Abbiamo voluto con forza che Vincenzo Linarello, presidente del consorzio Goel di Locri e portavoce di Comunità Libere, venisse ad Aosta.
Abbiamo organizzato un incontro che ambiziosamente abbiamo intitolato "la Valle d'Aosta incontra la Locride" presso l'Espace Populaire che vuol essere, al di là del semplice slogan, un laboratorio di pace per mondi diversi migliori dell'esistente.
Noi.
Ovvero il consorzio Trait d'Union con l'associazione Saperi e Sapori, la cooperativa Rosso Piccante e l'Arci Valle d'Aosta e tutti gli amici e i persuasi della nonviolenza che hanno organizzato "in cooperazione" l'incontro.
Nel corso della serata abbiamo cercato di investigare se e come si può fare sistema contro il sistema.
Abbiamo provato a comprendere, insieme a Vincenzo, quali sono le ragioni e le strategie per il cambiamento dal basso in un territorio come la Locride, ma anche il paese Italia, non completamente libero.
Abbiamo tentato di comprendere se e come ci si emancipa dal giogo della 'ndrangheta e delle massonerie deviate; come si conquistano alcuni diritti e alcune libertà che per altri cittadini, sempre italiani, è welfare; come si difendono, una volta ottenuti, questi diritti e queste libertà.
Con grande onore ho accolto all'Espace Populaire a nome di una parte della comunità valdostana Vincenzo il quale, dopo aver ringraziato per l'invito, con simpatica ironia, ci ha riconosciuto la prerogativa di avergli riservato "un'accoglienza degna di un popolo calabrese"…
"A parte la battuta mi sento veramente a casa mia perché … un po' mi hanno spiegato alcune persone, alcune le ho conosciute ed è tutta gente - come diceva Massimo (Giugler del Consorzio Trait d'Union che aveva presentato poco prima Vincenzo e ne aveva introdotto l'intervento, ndr) - che viene dai nostri mondi: che viene dalla cooperazione sociale, che viene da un associazionismo impegnato.
QUALCUNO CHE ANCORA TROVA LA FORZA DI SOGNARE.
Che malgrado tutto trova la forza di sognare.
O che addirittura, proprio per tutto il resto, trova la forza di sognare.
E credo che la caratteristica, oggi, più importante del nostro percorso in Calabria, sia stata questa.
Il primo grande problema con Monsignor Bregantini che noi abbiamo avuto di fronte, nel nostro percorso, quando dodici-tredici anni fa abbiamo iniziato questa splendida avventura, è stato proprio l'antisogno: quella che noi chiamavamo la "bruttura del destino".
Quell'idea insita nel cuore, nella testa, nella cultura di molti miei conterranei che la situazione è questa e non può cambiare: che è stato così, che è così, che sarà sempre così.

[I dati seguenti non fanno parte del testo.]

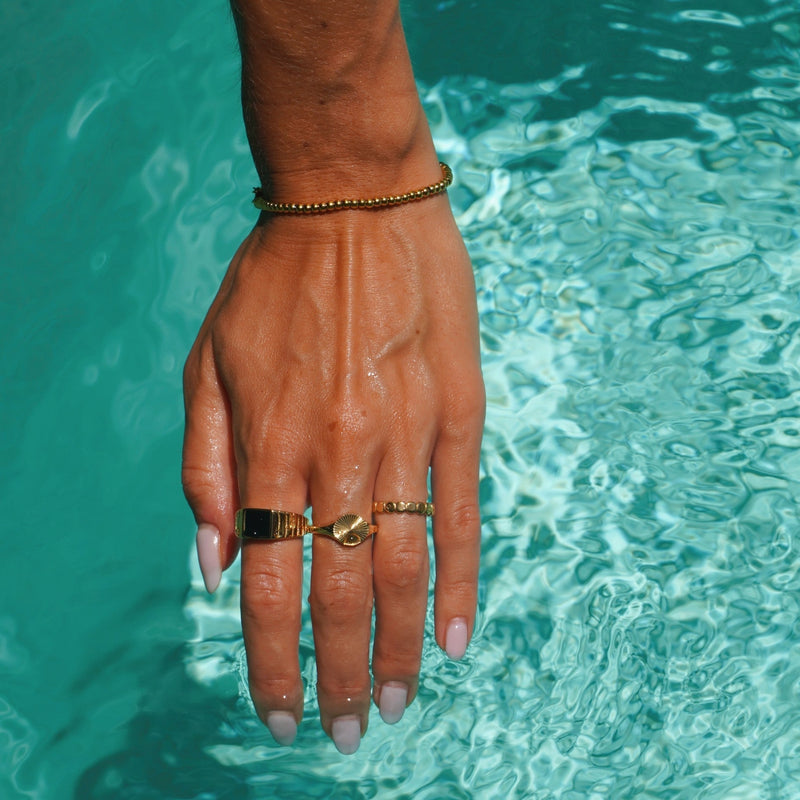 Sun Signet Ring in Stainless Steel with a Round Engraved Face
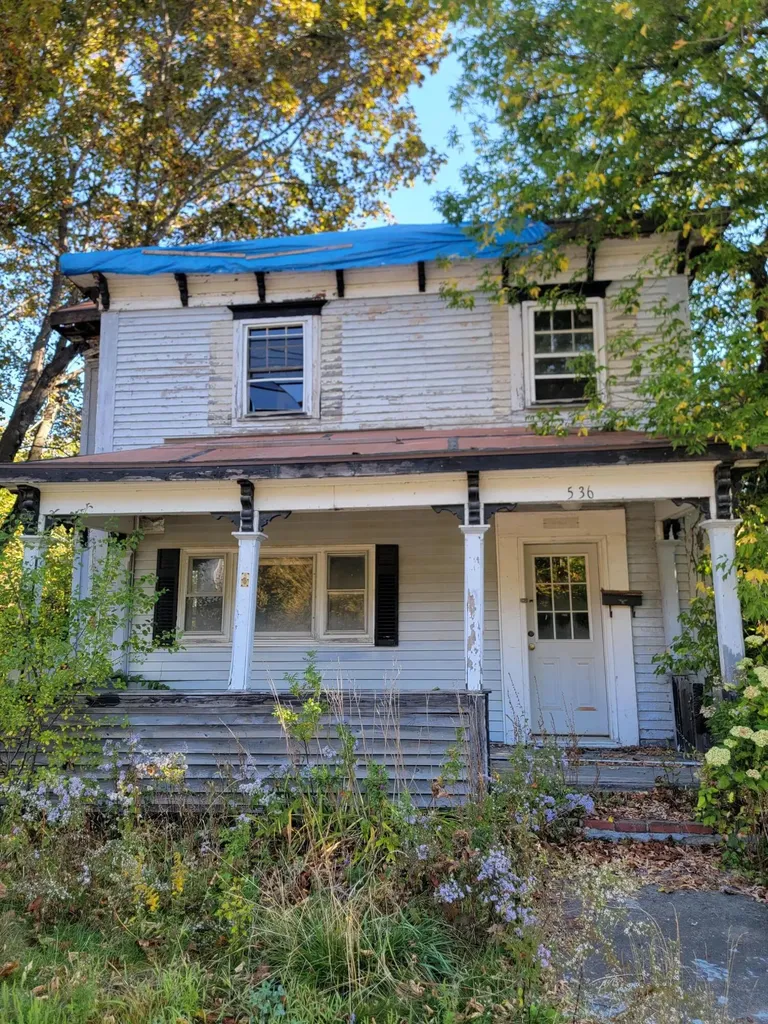 536 Main Street Calais ME 04619
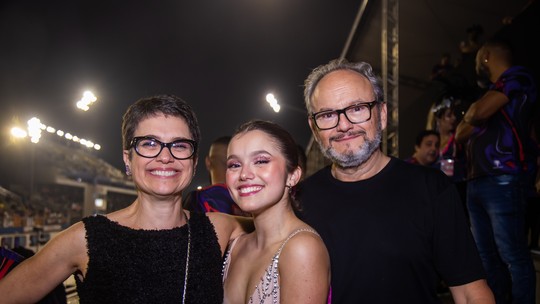 Sandra Annenberg curte Carnaval com a filha e o marido, o jornalista Ernesto Paglia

E che qualunque cosa faranno non cambierà mai nulla.
Guardate che questo è l'alleato migliore, non solo della 'ndrangheta, ma della malapolitica, delle massonerie deviate, dei sistemi di potere occulto, per una semplicissima ragione. Quando cadi in quella trappola - dell'ineluttabilità, del fatalismo - non c'è bisogno di reprimere le istanze di cambiamento perché le istanze di cambiamento manco partono, le istanze di cambiamento manco vengono concepite in testa: non c'è bisogno più di reprimere."